Foto: Ensembleszene aus der Uraufführung "Abfall der Welt" mit Klaus Cofalka-Adami (Mitte vorn) © Felix Grünschloß
Text:Volker Oesterreich, am 23. Februar 2018
Thomas Köcks Bewusstseins- und Erinnerungsstrom „Abfall der Welt“ als Uraufführung in Karlsruhe
„Denn alles, was entsteht, ist wert, dass es zugrunde geht.“ Die mephistophelische Erkenntnis aus dem ersten Teil der „Faust“-Dichtung bekommt auf einmal eine ganz neue Bedeutung, wenn man sie in Beziehung setzt zu den Wertschöpfungsprozessen unserer Wirtschaftskreisläufe, zu denen eine gigantische Müllproduktion gehört. Ohne Trash kein Cash – ohne Müll kein Moos. Aber irgendwann strudelt ein Großteil unseres Abfalls als Mikroplastik inmitten der Ozeane. Mit dieser längst zur Realität gewordenen Erkenntnis beginnt Thomas Köcks Bewusstseins- und Erinnerungsstrom „Abfall der Welt“, der jetzt in der Studiobühne des Badischen Staatstheaters Karlsruhe uraufgeführt wurde. „in der mitte des pazifischen ozeans wo / sich die wirbel treffen drehen sie sich / ewig um“ – so wogt uns Köcks Wortschwall ohne Punkt und Komma um die Ohren.
Der gerade mächtig gehypte Autor – er wurde dieser Tage mit der Mannheimer Uraufführungs-Inszenierung „paradies spielen (abendland. ein abgesang)“ zum Mülheimer Dramatiker-Wettbewerb eingeladen – ist ein getreuer Adept Jelinekscher Textflächen. Für sein „Müll“-Stück hat er Interviewsequenzen über Kindheitserinnerungen und alltagsphilosophische Betrachtungen über die tiefere Bedeutung des Abfalls zu einem 60-seitigen Patchwork verknüpft. Darin geht es um menschlichen Abfall wie Fingernägel, Haare oder Ausscheidungen, aber auch um unser aller Endlichkeit und das, was von uns materiell übrig bleibt. Nicht zu vergessen der Datenmüll, der sich kaum löschen lässt, weil er immer Spuren hinterlässt, die auch übergeordnete Programme nicht zu tilgen vermögen. Ganz schön viel Stoff also, der hier verwurstet, verwertet und verhackstückt wird. Köck spielt dabei mit vielerlei Assoziationsebenen und klebt auf diese Weise einen grünen Punkt auf seinen „Abfall der Welt“. Nur einen Aspekt lässt er aus: die Usancen der Müll-Mafia und die fortschreitende Vergiftung von Luft, Boden, Wasser.
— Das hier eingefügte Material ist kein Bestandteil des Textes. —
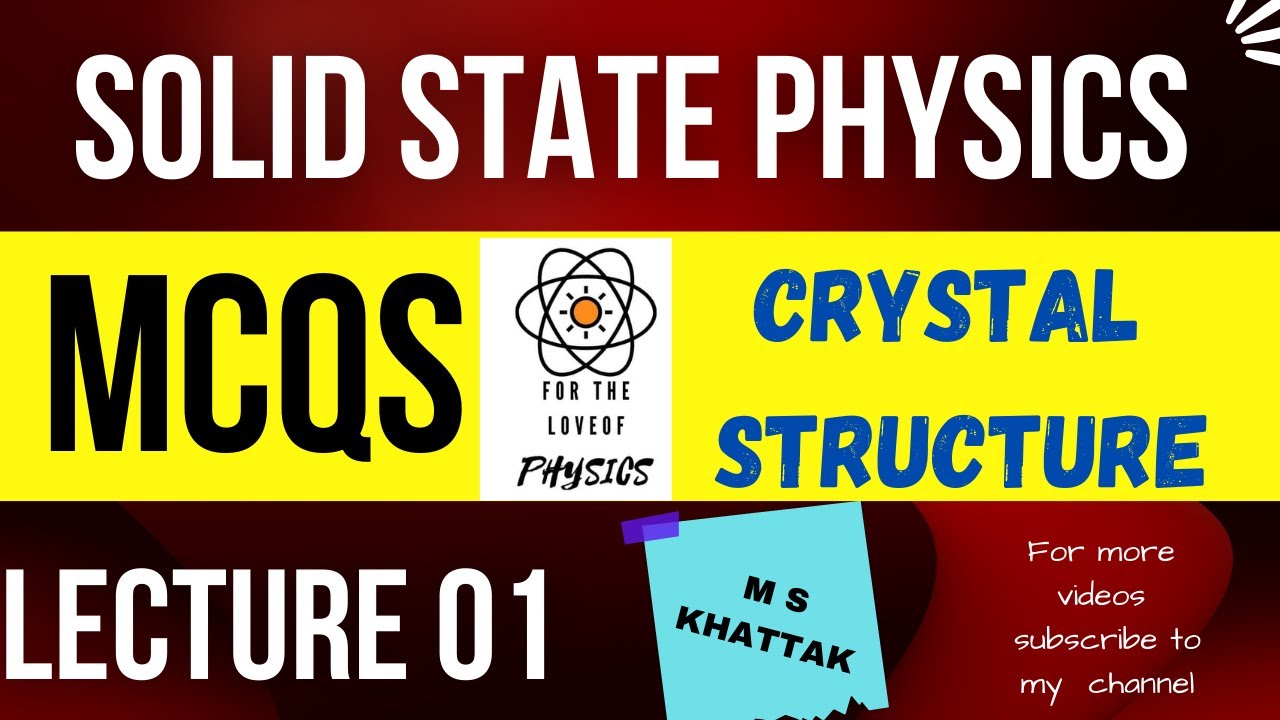 SOLID STATE PHYSICS Mcqs || Crystal Structure mcqs | for competitive exams | FOR THE LOVE OF PHYSICS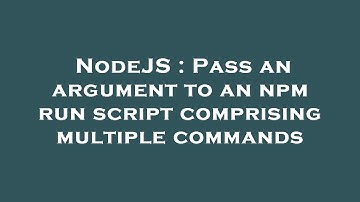 NodeJS : Pass an argument to an npm run script comprising multiple commands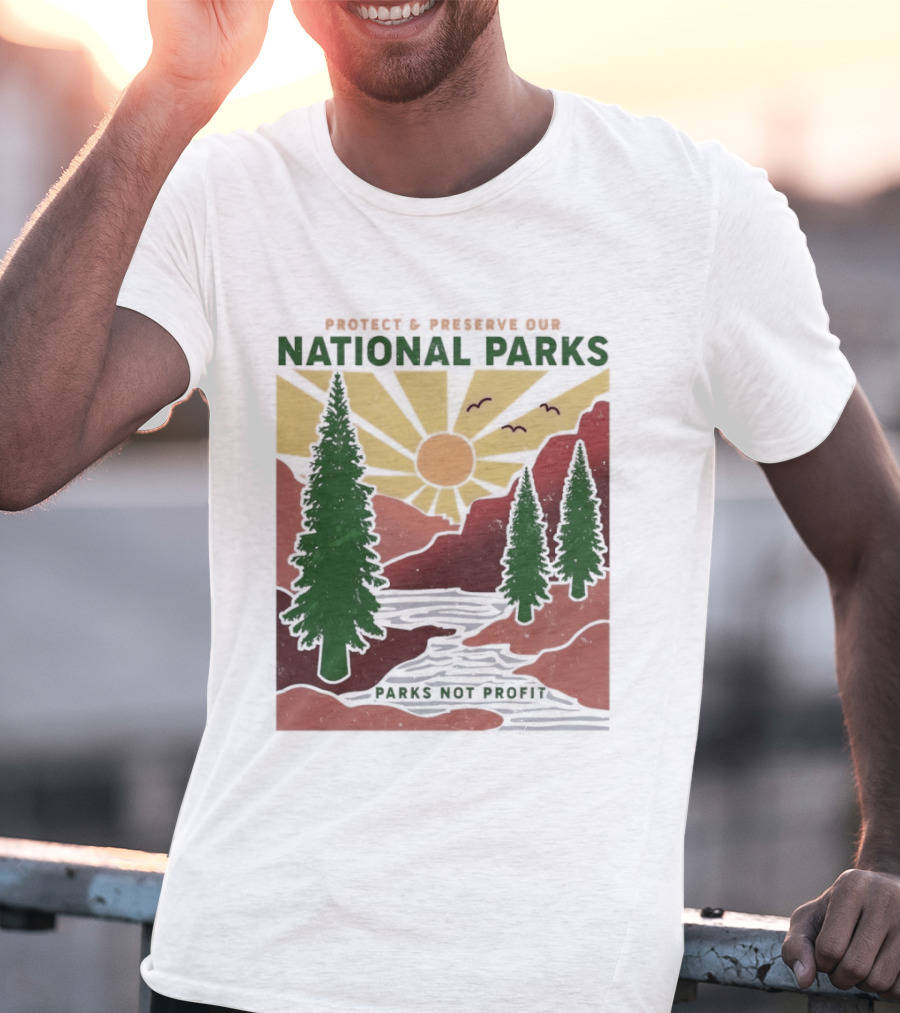 Protect And Preserve Our National Parks Nature Conservation Forest Mountains Sun Rivers Wildlife T-Shirt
Marie Bues, Intendantin der Stuttgarter Rampe und Spezialistin für Köck-Texte, hat die Sprachpartitur zusammen mit der Choreografin Nicki Liszta auf die Bühne gebracht. Da das Stück selbst Patchwork ist und nichts anderes sein will, war es auch ein ziemlich geschickter Schachzug, den 80-Minüter von einem Koproduktions-Patchwork realisieren zu lassen. Fünf baden-württembergische Institutionen sind beteiligt: Neben dem Staatstheater Karlsruhe gehören noch das freie Theater Rampe, die auf den Tanz abonnierte und ebenfalls aus Stuttgart stammende backsteinhaus produktion, die Akademie Schloss Solitude (an der Thomas Köck Stipendiat ist) und die Ludwigsburger Akademie für Darstellende Kunst dazu. Ein institutionelles Quintett.
Mal aus dem off gesprochen, mal live fluten uns lauter biografische Erinnerungsfetzen, Ängste und Wunschprojektionen entgegen. Alles spielt sich in einem dreh- und rollbaren Kubus aus Gerüst-Streben ab. Von oben hängen bunte Tapes herab, und in einer Szene wird das Gestänge mit rot-weißem Baustellen-Band umwickelt. Es ist ein phantasievoller, beliebig interpretierbarer Freiraum, den die Bühnen- und Kostümbildnerin Heike Mondschein da geschaffen hat.
Zu den schroffen Beats der DJane Beste Aydin spielen und tanzen sieben Akteure. Sie entlarven den amerikanischen Traum als Trash, ironisieren und hinterfragen ihre Innenwelten und zeigen filigran-geschmeidige Körperarbeit genauso wie schroffe Stürze oder den Zustand des In-den-Seilen-Hängens. Alle zusammen recyceln aus dem Textmaterial eine nachhaltige Performance.